Todos los santos
Ap 7, 2-4.9.14; 1Jn 3, 1-3; Mt 5, 1-12
Queridos hermanos:
Decía Benedicto XVI, en este día del año 2007: “Nuestro corazón, atravesando los confines del tiempo y del espacio, se dilata a las dimensiones del cielo.”
Hoy
celebramos la solemnidad de aquellos discípulos, amigos de Cristo, hijos de
Dios, que han concluido su peregrinación terrena y su purificación. Ellos
vienen de la gran tribulación; en ellos ha sido restaurada la imagen de Dios.
Han alcanzado ya la patria celestial y aguardan, gloriosos, a que se complete
el número de los hijos de Dios y a la resurrección de la carne.
Conmemoramos
a la Iglesia triunfante, ante la cual no prevalecerán las puertas del infierno.
Ellos fueron los pobres de espíritu, los mansos, los que lloraron, los que
padecieron hambre y sed de justicia, los misericordiosos y limpios de corazón,
los que trabajaron por la paz y fueron perseguidos por causa de la justicia.
Han tomado posesión del Reino de los Cielos, han heredado la tierra, son ahora
consolados y saciados, han alcanzado misericordia, ven a Dios, son llamados
hijos suyos y participan de la gloria eterna.
Como
dice san Bernardo en el Oficio de Lecturas de este día, los hacemos presentes
para que su memoria avive en nosotros el deseo de unirnos a ellos en el Señor,
e intercedan por nosotros, que ahora somos los pobres de espíritu, los que
lloran, los perseguidos por vivir según la justicia reputada a nuestra fe.

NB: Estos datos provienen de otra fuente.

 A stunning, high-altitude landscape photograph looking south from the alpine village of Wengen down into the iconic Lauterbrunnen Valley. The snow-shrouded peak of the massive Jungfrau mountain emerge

Somos aquellos de los que habla el Evangelio, llamados a ser bienaventurados
como ellos, en medio de la muchedumbre inmensa que contempla el Apocalipsis
(cf. Ap 7,9). San Pablo recuerda a los Tesalonicenses: “Esta es la voluntad
de Dios: vuestra santificación” (cf. 1 Tes 4,3).
En
los albores del cristianismo, a los miembros de la Iglesia se les llamaba “los
santos”. En la primera carta a los Corintios, por ejemplo, san Pablo se dirige “a
aquellos que han sido santificados en Cristo Jesús, llamados a ser santos,
junto a todos los que en todo lugar invocan el nombre de nuestro Señor
Jesucristo.” La santidad consiste en que el amor de Dios sea derramado en
nuestro corazón por obra del Espíritu Santo.
En
efecto, decía el papa Benedicto XVI: el cristiano es ya santo, porque el
Bautismo lo une a Jesús y a su Misterio Pascual. Pero, al mismo tiempo, debe
convertirse, conformarse a Él cada vez más íntimamente, hasta que en él se
complete la imagen de Cristo, el hombre celeste. A veces se piensa que la
santidad es una condición de privilegio reservada a unos pocos elegidos. En
realidad, ser santo es el deber de cada cristiano; es más, podemos decir: ¡de
cada hombre! Escribe el Apóstol que Dios, desde siempre, nos ha bendecido y
elegido en Cristo para “ser santos e inmaculados en su presencia, en el
amor.”
Esta
palabra nos involucra a todos. Todos los seres humanos estamos llamados a la
santidad, que, en última instancia, consiste en vivir como hijos de Dios, en
aquella “semejanza” con Él según la cual hemos sido creados. Todos los seres
humanos son hijos de Dios —en sentido lato— y todos deben convertirse en
aquello que “son”, por medio del camino exigente de la libertad. Dios invita a
todos a formar parte de su pueblo santo. El Camino es Cristo, el Hijo, el Santo
de Dios: “Nadie va al Padre sino por medio de Él” (cf. Jn 14,6).
Que
la fidelidad de los santos a la voluntad de Dios nos estimule a avanzar con
humildad y perseverancia en el camino de la santidad, siendo en todas partes
testigos valientes de Cristo, dando razón de nuestra esperanza, y tratando de
reunir en torno a nosotros a quienes no le conocen y gimen sin esperanza, a
manos de los demonios y de los ídolos de este mundo.
Ellos,
que han vencido en las pruebas, pueden, con su intercesión, ayudarnos ahora en
el combate. Nuestra esperanza se fortalece, y en ella se van quemando las
impurezas de nuestra debilidad.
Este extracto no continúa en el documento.